America is facing an overwhelming trend of mac n’ cheese being added to foods that simply do not need macaroni and cheese.
On Thursday, Red Robin announced it had added mac n’ cheese to the chain’s tavern burger.
“Begin drooling now!” the burger chain ordered on Twitter.
— Red Robin (@redrobinburgers) August 4, 2016
The new menu item comes less than a week after Dave & Buster’s Short Rib & Cheese Mac Stack was named one of the least healthy menu items in America, clocking in at 1,910 calories.
However, the buzziest mac n’ cheese item of the summer has to be Burger King’s Mac n’ Cheetos, a polarising item that debuted in June.
“My mouth is so confused and I’m so concerned as to how much I think I like these,” one Business Insider tester said of the Mac n’ Cheetos. “I ate gourmet French cuisine yesterday and I am deriving nearly the same amount of satisfaction now.”
“These are bad. Very bad,” said another Business Insider tester. “There is no flavour, no crispiness, just a mushy center that vaguely resembles mac and cheese that’s been run through a blender coated in something that looks like Cheetos and has also run through a blender.”
Restaurants seem to be drawing inspiration for these controversial mac n’ cheese mashup dishes from the plethora of over-the-top culinary creations found online.
Dude Foods has published recipes for creations such as a bacon weave taco stuffed with mac n’ cheese and a mac n’ cheese crust pizza. BuzzFeed has debuted a recipe for breadsticks filled with mac n’ cheese. A simple Google search of “mac n’ cheese pizza” turns up seemingly endless results.
Instagram is filled with increasingly absurd takes on mac n’ cheese mashups. We have deep-fried:
In a grilled cheese:
Again, on pizza:
Even on waffles:
I’m sure some of these dishes are delicious. But, enough is enough.
Mac n’ cheese is great. Whether Kraft’s distinctive flavour or a creamy homemade version, it’s a fantastic and usually fattening dish that makes any meal better.

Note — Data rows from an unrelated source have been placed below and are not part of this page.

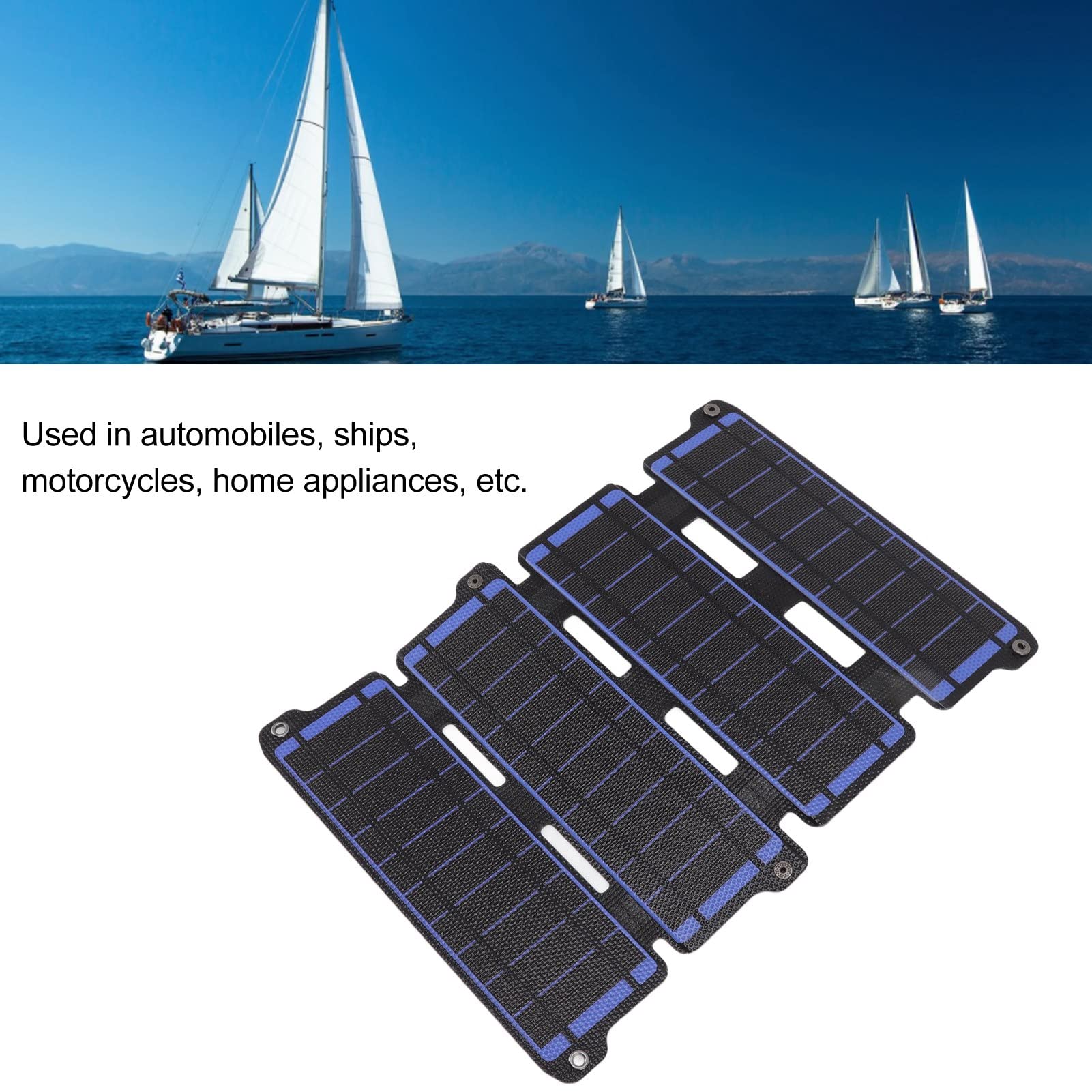 Diydeg Portable Solar Panel, 14W Monocrystalline Solar Charger Foldable Solar Panel with 5V USB Port Without Power Storage Function for Cell Phone, Laptop, Tablet for Camping, Hiking (Blue)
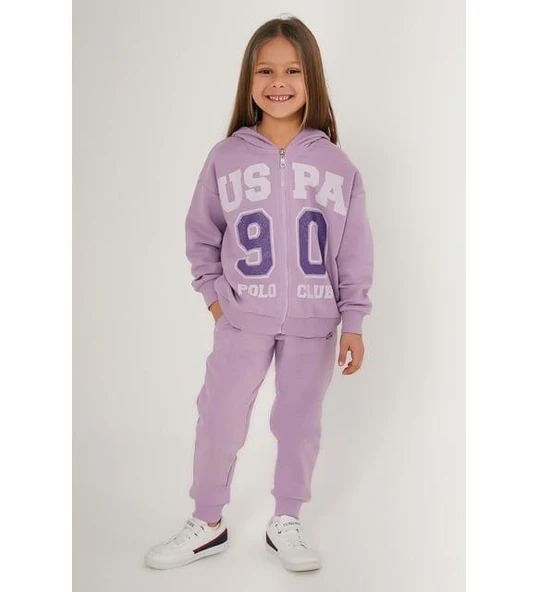 U.S Polo 1628 Lila Kız Garson Fermuarlı Pijama Takımı ürün görseli
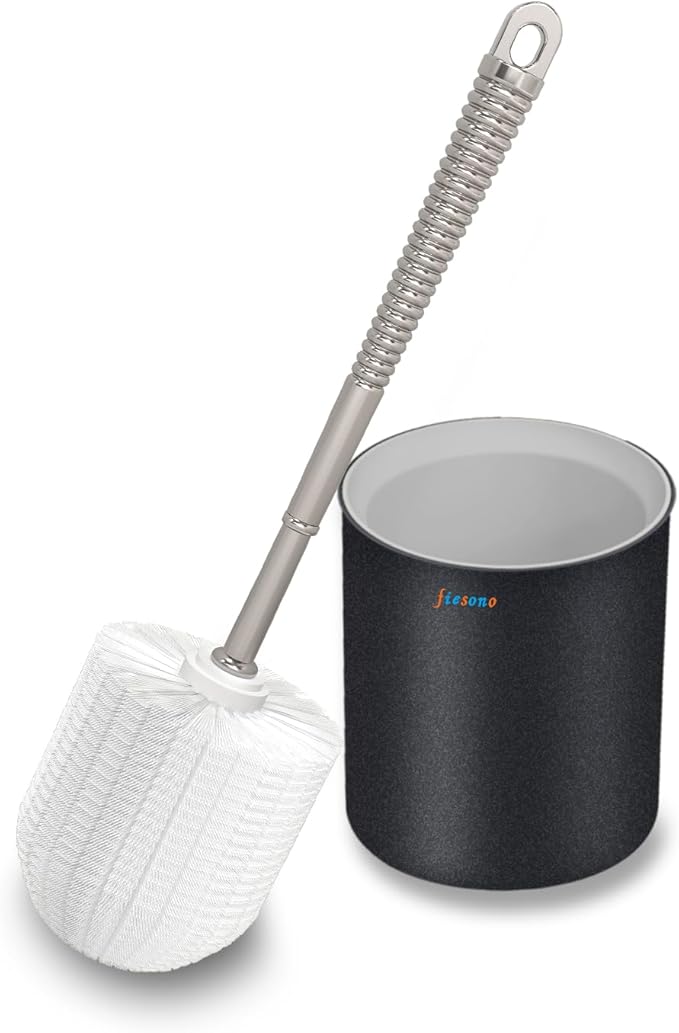 Toilet Brush and Holder Set, Bathroom Cleaner Brush Set with Light Brush Handle, Soft Bristle, Corrosion Resistant Holder, Wall Mounted/Floor Standing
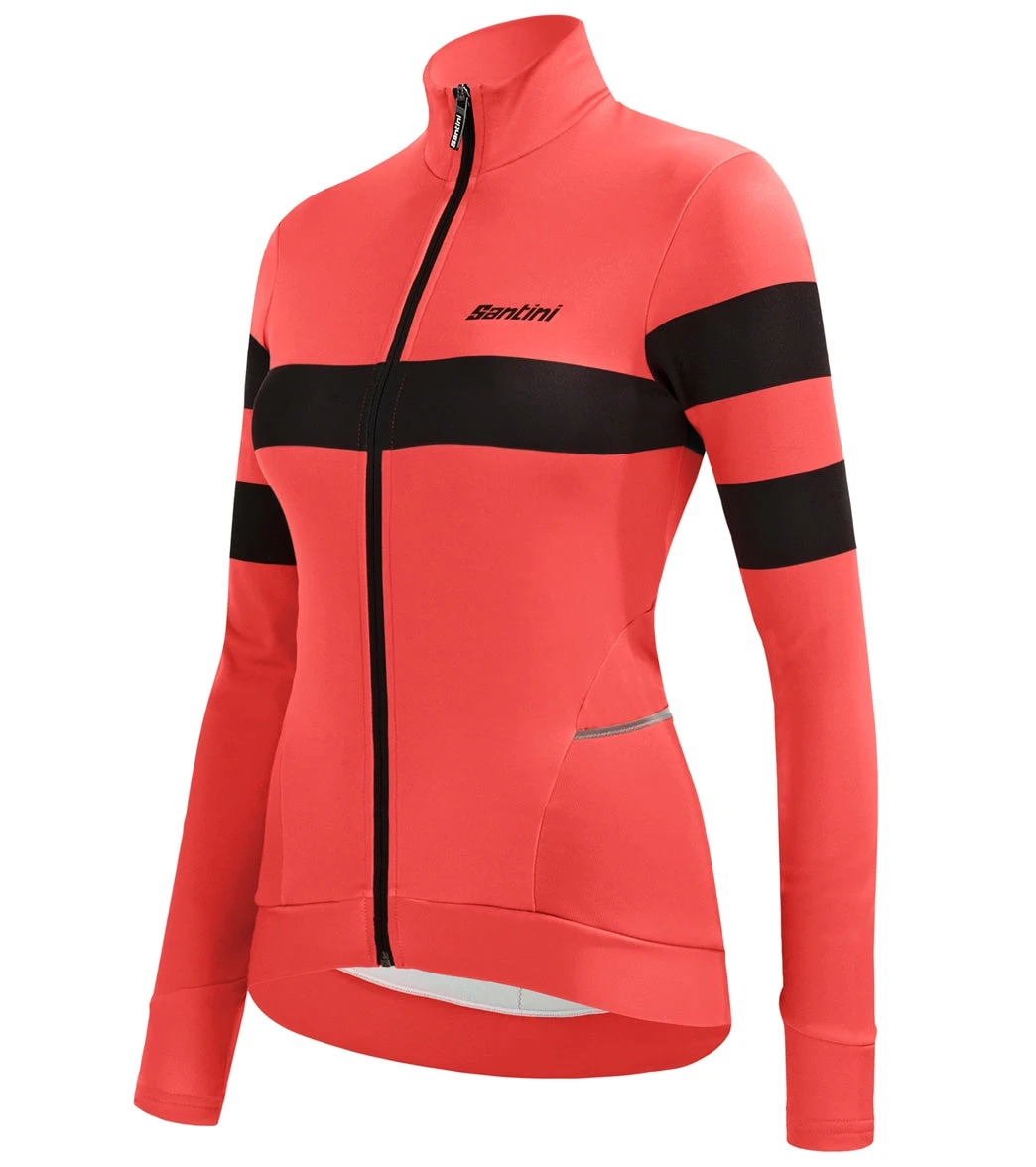 Santini Women's Coral Bengal Long Sleeve Jersey 2 Santini Women's Coral Bengal Long Sleeve Jersey - Image 2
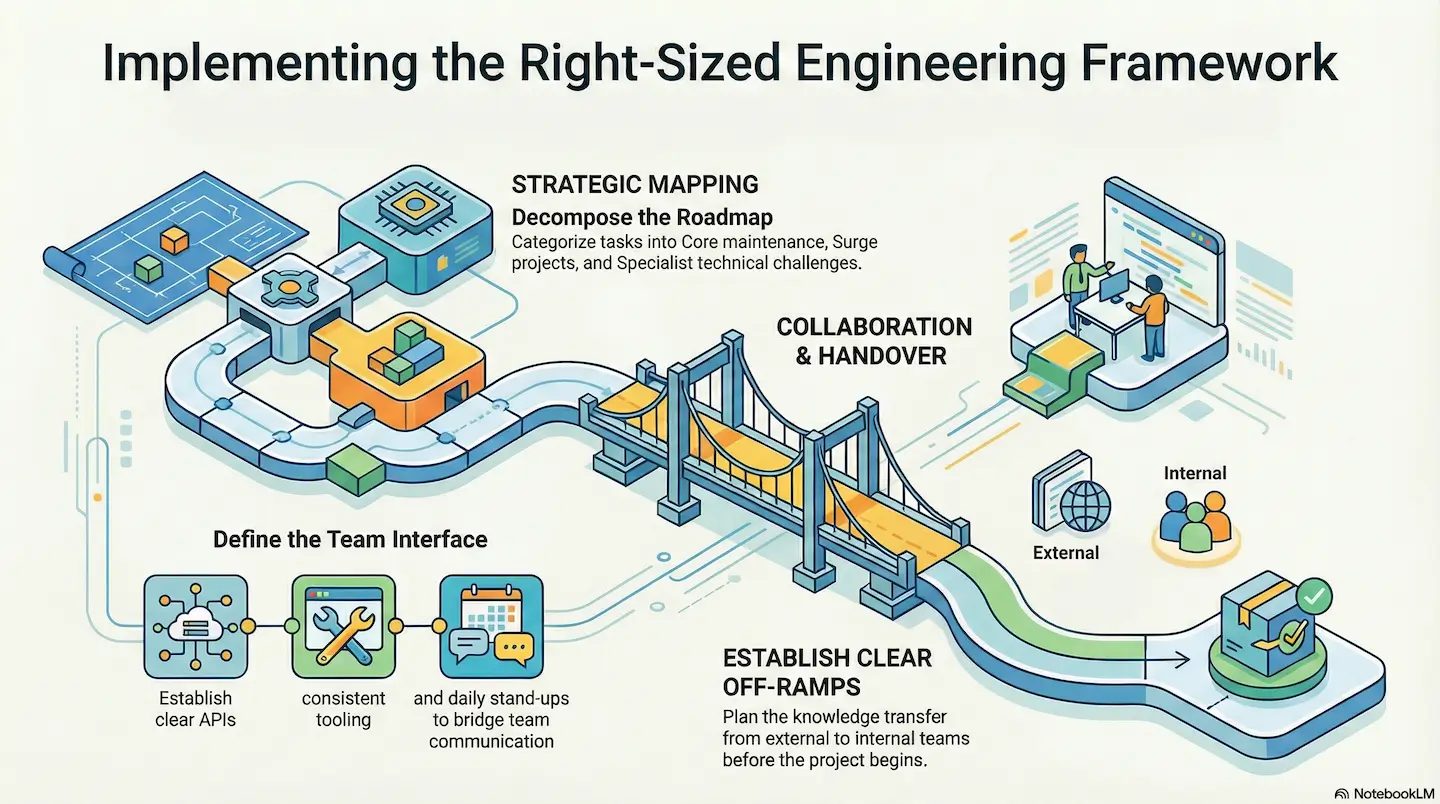 A strategic project roadmap and dashboard showing the integration of core and surge teams within the Right-Sized development framework.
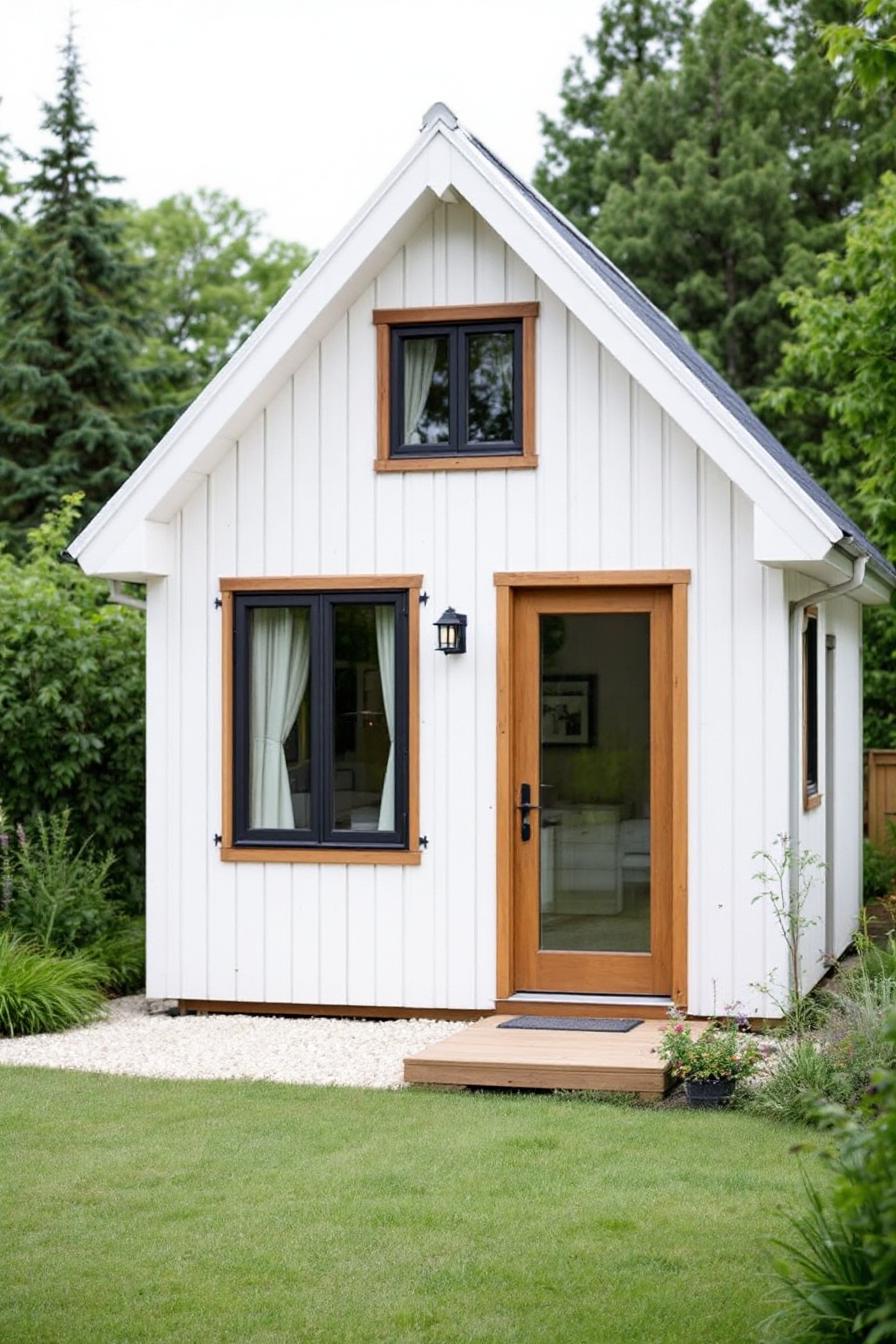 Tiny white cottage with wooden trim and lush green surroundings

However, adding it to a recipe that does not require it doesn’t make every dish better. Your burger is fine without the mac n’ cheese. So is your pizza.
Adding unnecessary ingredients to make your meal more photogenic is a scourge of the restaurant industry. Stick with your side of mac n’ cheese, and stop trying to cram it into every item on the menu for Instagram likes. Please.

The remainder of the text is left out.